Una moto supermotard mezcla la agilidad de una base de enduro o motocross con una parte ciclo pensada para atacar curvas con precisión: ruedas de 17 pulgadas, postura alta, frenos potentes y una respuesta muy directa al gas. Aquí repaso qué la define de verdad, qué modelos tienen sentido en España en 2026 y cómo distinguir una compra sensata de una máquina que solo impresiona en ficha técnica.
Lo esencial antes de mirar modelos
- La receta motard prioriza ligereza, cambios de dirección rápidos y una postura que favorece el control.
- Las versiones de calle buscan equilibrio; las de circuito puro recortan concesiones para ganar precisión y ritmo.
- En España hay opciones desde 4.799 € en la gama ligera hasta 16.990 € en una alternativa premium con estética motard.
- El carné, la altura del asiento y el uso real pesan más que la cifra de potencia.
- Si vas a usarla en ciudad o carreteras secundarias, encaja muy bien; para turismo, no suele ser la compra más lógica.

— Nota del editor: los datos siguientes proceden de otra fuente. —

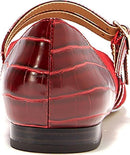 Womens Shoes - Low Heel Buckle Closure / Red Flats - Size 6.5 - Buy From Go Fives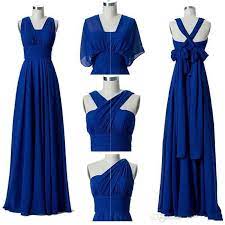 It may be a lace or plain dress, an embroidered or beaded one, or both, with different types or necklines. Long Chiffon Convertible Bridesmaid Dress Lace Up 2020 Royal Blue Wedding Guest Dresses 100 Real Pictures From Evenwedding 48 7 Dhgate Com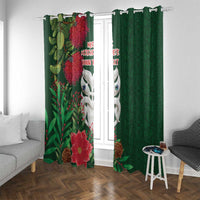 Maori Wheku Meri Kirihimete Personalised Window Curtain All Green Indigenous Maori Motif - Polynesian Pride
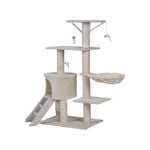 YES4PETS 138cm Cat Scratching Post Tree Post House Tower with Ladder-Beige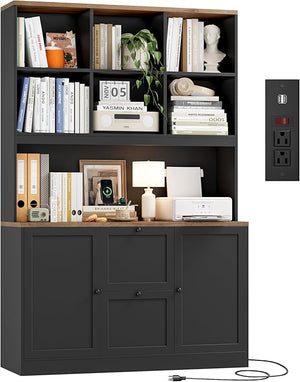 72-Inch Tall Bookcase with Power Outlet, File Drawers & Cabinet Doors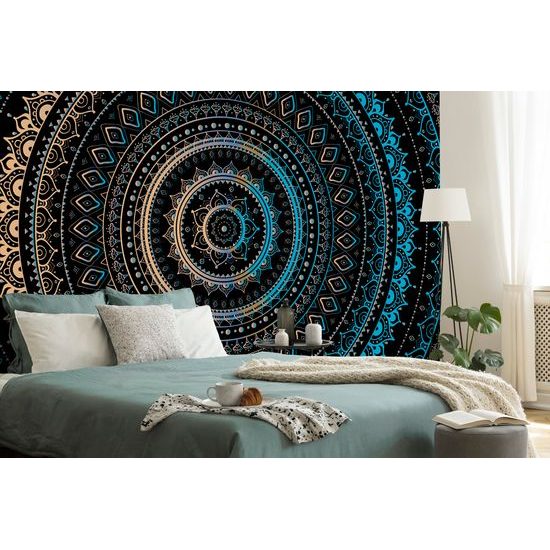 Samolepiaca tapeta krásna modro zlatá Mandala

Qué hace diferente a una supermotard
Yo la entiendo como una moto hecha para cambiar de apoyo sin esfuerzo y frenar tarde sin que la geometría la castigue. No busca aplomo de gran turismo ni confort de trail; busca que la moto obedezca rápido, que el piloto se mueva encima de ella y que la parte ciclo transmita mucho con muy poco peso percibido.
La receta técnica
Lo habitual es partir de una base ligera, muchas veces derivada de enduro o motocross, y llevarla al asfalto con llantas de 17 pulgadas, neumáticos de calle o de uso sport, frenos delanteros más serios y suspensiones más firmes. Esa combinación explica por qué una motard entra en curva con tanta facilidad: el conjunto es estrecho, alto y muy reactivo.
La postura al manillar
La postura es parte de la experiencia. El manillar ancho da palanca, el asiento suele ser plano y relativamente alto, y las estriberas permiten moverse con naturalidad. En la práctica, eso se traduce en una moto muy física, pero también muy transparente: sientes antes lo que va a hacer y corriges antes. La contrapartida es clara: si buscas protección aerodinámica o suavidad en autovía, aquí no está su fuerte.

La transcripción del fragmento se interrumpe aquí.